▶ [AVAILABLE DATA]:
□ □ □

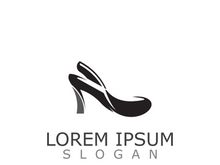 Women shoes logo design High heel fashion icon template vector for business store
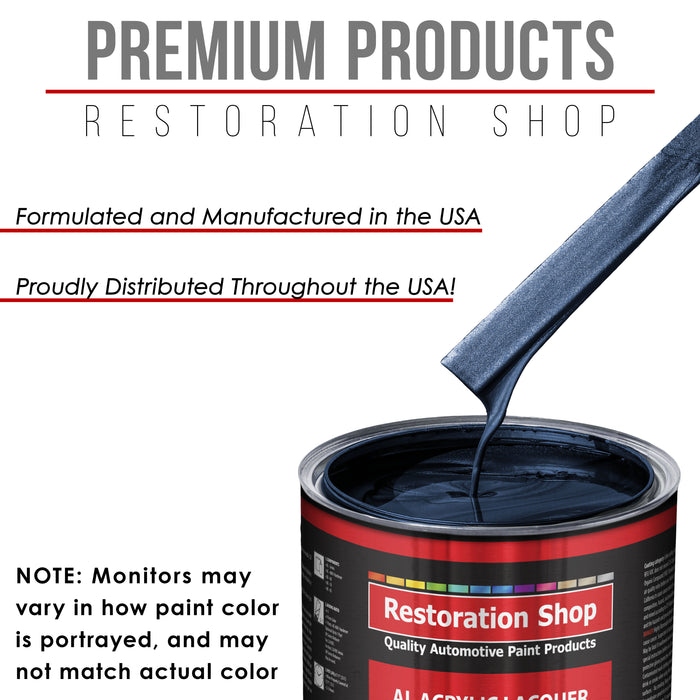 Dark Midnight Blue Pearl - Acrylic Lacquer Auto Paint - Complete Quart Paint Kit with Medium Thinner - Pro Automotive Car Truck Refinish Coating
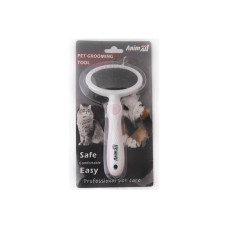 Пуходерка AnimAll Groom для животных, М, розовая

□ □ □

▶ [REQUIREMENT]:
Could you set down, exactly as written, every line from the one with "Dark Midnight Blue" to the end of the data, both ends included? Leave out the pictures.

▶ [WORKED SOLUTION]:
 Dark Midnight Blue Pearl - Acrylic Lacquer Auto Paint - Complete Quart Paint Kit with Medium Thinner - Pro Automotive Car Truck Refinish Coating
 Пуходерка AnimAll Groom для животных, М, розовая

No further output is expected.